In [None]:
# Copyright (c) Meta Platforms, Inc. and affiliates.

# Video segmentation with SAM 2

This notebook shows how to use SAM 2 for interactive segmentation in videos. It will cover the following:

- adding clicks on a frame to get and refine _masklets_ (spatio-temporal masks) 
- propagating clicks to get _masklets_ throughout the video
- segmenting and tracking multiple objects at the same time

We use the terms _segment_ or _mask_ to refer to the model prediction for an object on a single frame, and _masklet_ to refer to the spatio-temporal masks across the entire video. 

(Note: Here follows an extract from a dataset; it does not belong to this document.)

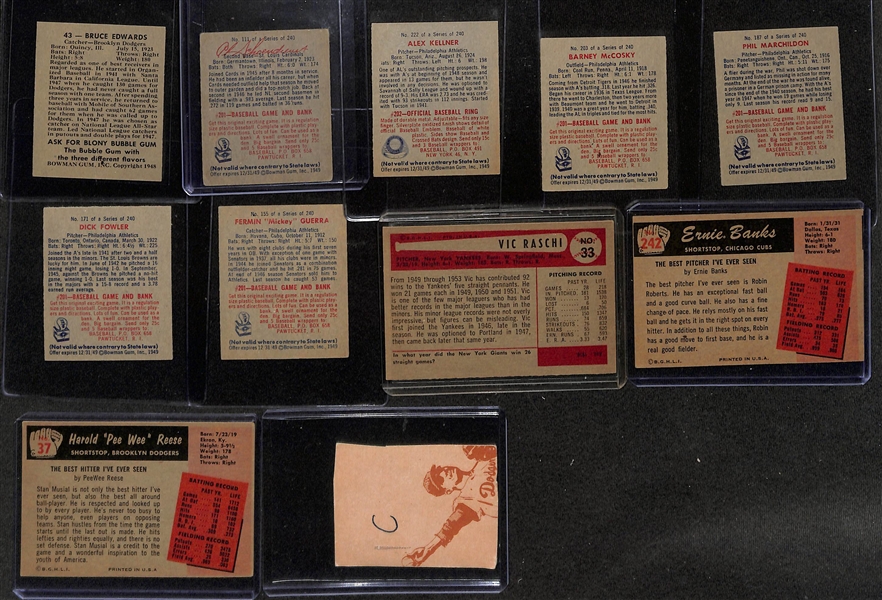 Lot of (10) 1948-1955 Bowman Baseball Cards w. Red Schoendienst & Ernie Banks (2nd year)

If running locally using jupyter, first install `segment-anything-2` in your environment using the [installation instructions](https://github.com/facebookresearch/segment-anything-2#installation) in the repository.

In [None]:
import os
import torch
import numpy as np
import matplotlib.pyplot as plt
from PIL import Image
import pandas as pd
import torch
import json
from ops.utils import*

In [None]:
# use bfloat16 for the entire notebook
torch.autocast(device_type="cuda", dtype=torch.bfloat16).__enter__()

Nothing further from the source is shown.